ASSIGNMENT: Pictures aside, repeat all the entries below exactly as they appear.

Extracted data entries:
┏━━
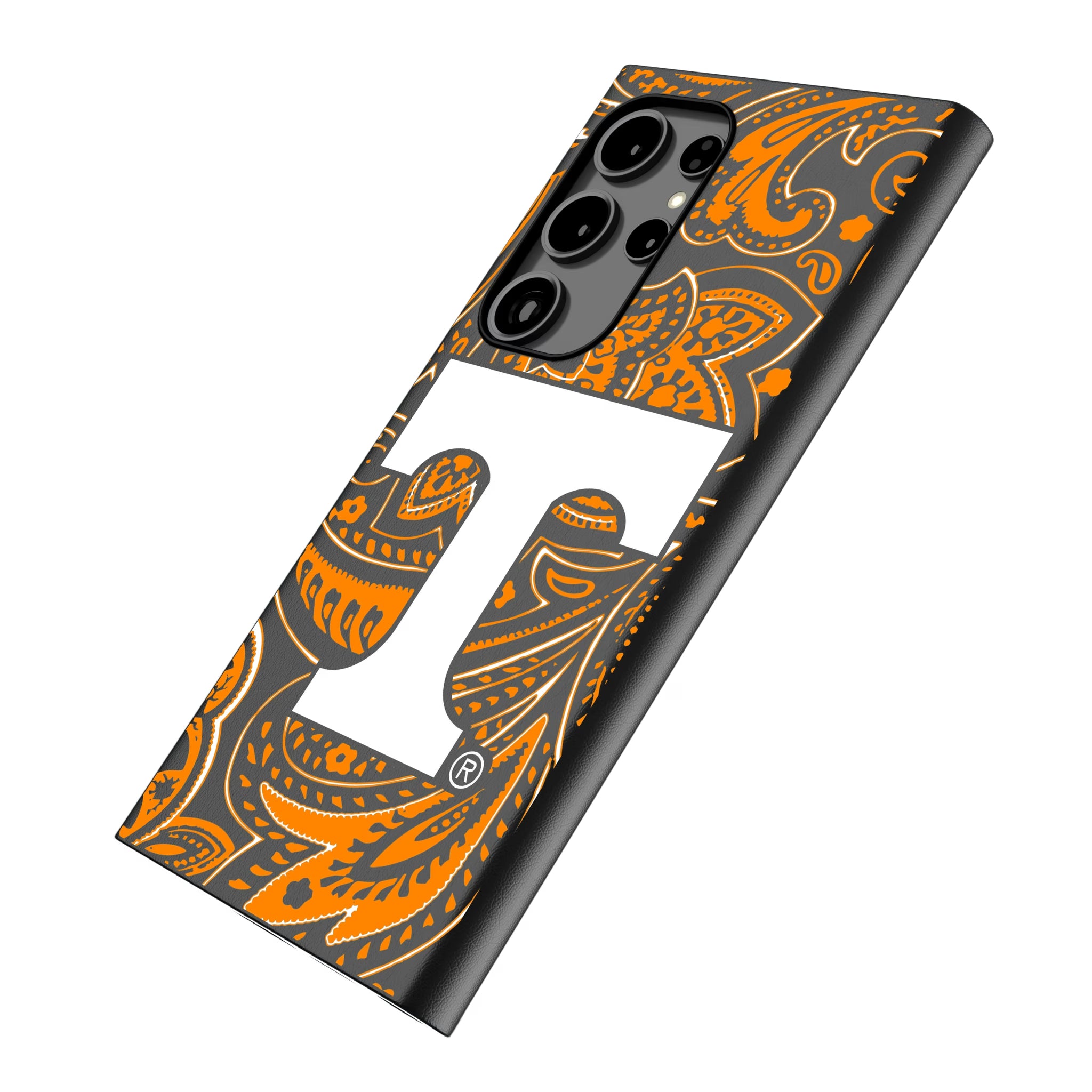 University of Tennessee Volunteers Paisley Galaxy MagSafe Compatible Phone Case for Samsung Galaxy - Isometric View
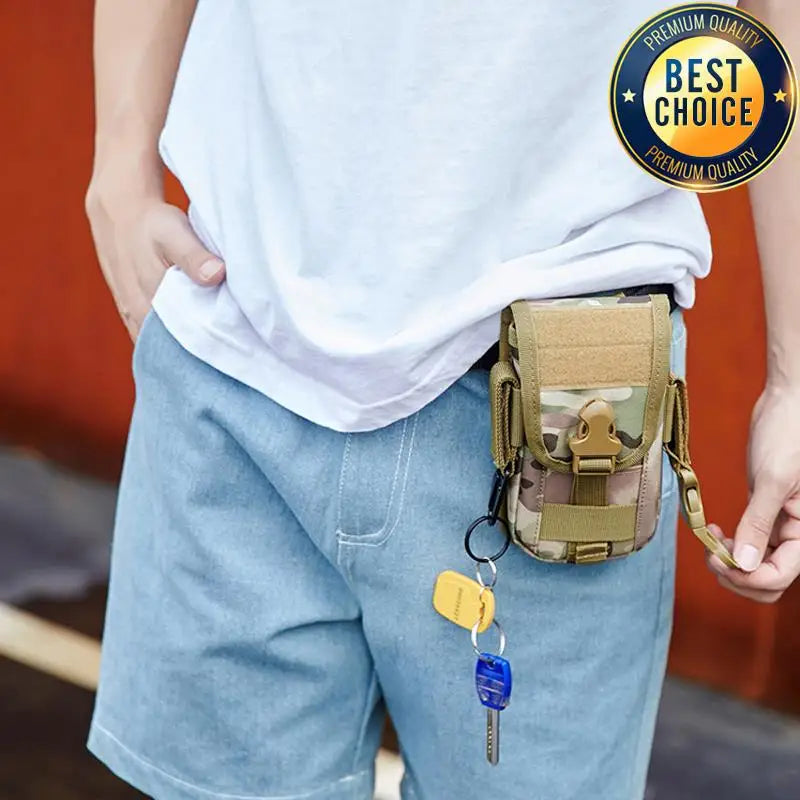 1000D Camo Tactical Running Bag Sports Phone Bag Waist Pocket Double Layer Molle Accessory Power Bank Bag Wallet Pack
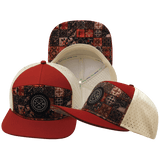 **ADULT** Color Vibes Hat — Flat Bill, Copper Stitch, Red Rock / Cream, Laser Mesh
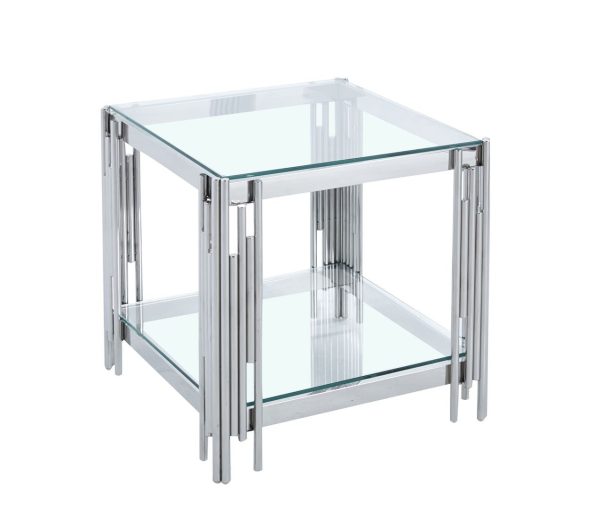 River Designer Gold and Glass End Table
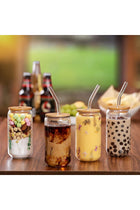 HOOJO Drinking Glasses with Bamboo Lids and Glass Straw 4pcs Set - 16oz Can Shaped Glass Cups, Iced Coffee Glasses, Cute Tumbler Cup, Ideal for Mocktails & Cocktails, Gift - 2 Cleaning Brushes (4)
┗━━
WORKED SOLUTION:
 University of Tennessee Volunteers Paisley Galaxy MagSafe Compatible Phone Case for Samsung Galaxy - Isometric View
 1000D Camo Tactical Running Bag Sports Phone Bag Waist Pocket Double Layer Molle Accessory Power Bank Bag Wallet Pack
 **ADULT** Color Vibes Hat — Flat Bill, Copper Stitch, Red Rock / Cream, Laser Mesh
 River Designer Gold and Glass End Table
 HOOJO Drinking Glasses with Bamboo Lids and Glass Straw 4pcs Set - 16oz Can Shaped Glass Cups, Iced Coffee Glasses, Cute Tumbler Cup, Ideal for Mocktails & Cocktails, Gift - 2 Cleaning Brushes (4)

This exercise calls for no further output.